Among the entries below, only the lines from the one with "Sabo skirt wrap dress" through the one with "Fender Custom Shop" are wanted, reproduced exactly. Pictures are not wanted.

Segment Start: Given information

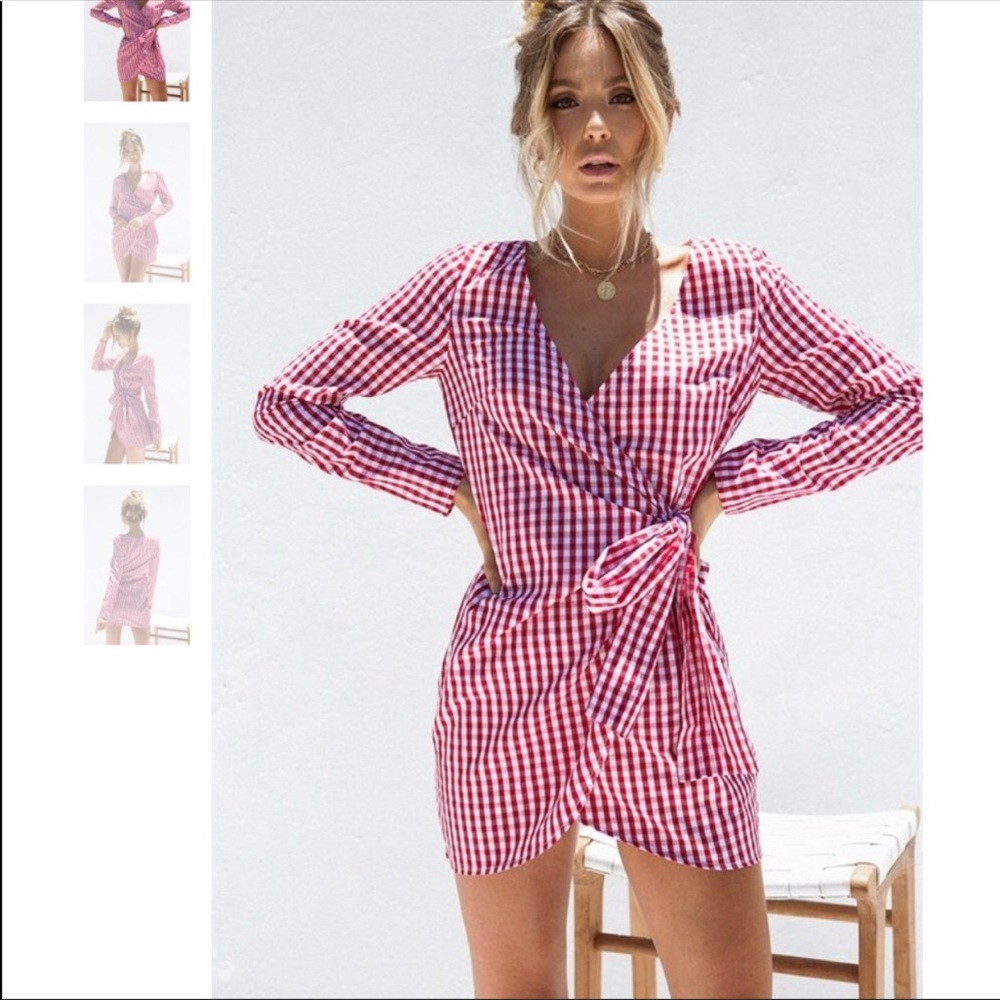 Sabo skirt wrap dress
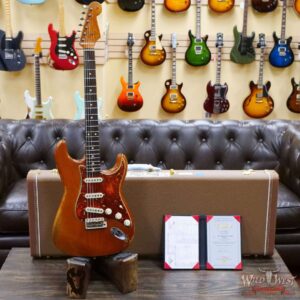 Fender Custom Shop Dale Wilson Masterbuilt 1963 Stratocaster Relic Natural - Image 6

Segment End: Given information
Segment Start: Given information

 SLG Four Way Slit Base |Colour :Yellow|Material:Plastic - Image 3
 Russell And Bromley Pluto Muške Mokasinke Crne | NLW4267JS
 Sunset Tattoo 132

Segment End: Given information

# Task solution
 Sabo skirt wrap dress
 Fender Custom Shop Dale Wilson Masterbuilt 1963 Stratocaster Relic Natural - Image 6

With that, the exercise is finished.